- Born: September 19, 1976 Bogotá, Colombia
- Education: Concordia University
- Occupation: Film director
- Years active: 2012–present
- Notable work: La Playa DC, X500, The Seven Last Words

= Juan Andrés Arango =

Colombian-Canadian film director

Juan Andrés Arango García (born September 19, 1976) is a Colombian-Canadian film director. His debut feature film, La Playa DC, premiered at the 2012 Cannes Film Festival and was selected as the Colombian entry for the Best Foreign Language Film at the 86th Academy Awards.

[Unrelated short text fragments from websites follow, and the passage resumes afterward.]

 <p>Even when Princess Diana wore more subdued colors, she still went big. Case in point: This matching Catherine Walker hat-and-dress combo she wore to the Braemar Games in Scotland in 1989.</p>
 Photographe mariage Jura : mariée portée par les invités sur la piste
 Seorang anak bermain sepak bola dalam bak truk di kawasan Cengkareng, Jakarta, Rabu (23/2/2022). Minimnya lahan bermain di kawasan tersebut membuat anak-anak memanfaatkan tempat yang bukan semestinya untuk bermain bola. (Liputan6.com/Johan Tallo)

Originally from Bogotá, Colombia, he has resided primarily in Montreal, Quebec since commencing graduate studies in film at Concordia University in 2006.

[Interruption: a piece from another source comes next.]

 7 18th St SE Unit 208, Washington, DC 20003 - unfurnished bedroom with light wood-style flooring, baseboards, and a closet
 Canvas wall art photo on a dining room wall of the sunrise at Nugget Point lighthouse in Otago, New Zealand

His second film, X500, debuted at the 2016 Toronto International Film Festival.

In 2019 he was one of seven directors, alongside Kaveh Nabatian, Sophie Goyette, Sophie Deraspe, Karl Lemieux, Ariane Lorrain and Caroline Monnet, of the anthology film The Seven Last Words (Les sept dernières paroles).

His 2026 film Where the River Begins (Donde comenzia el rio) is slated to premiere in the Centrepiece program at the 2026 Toronto International Film Festival.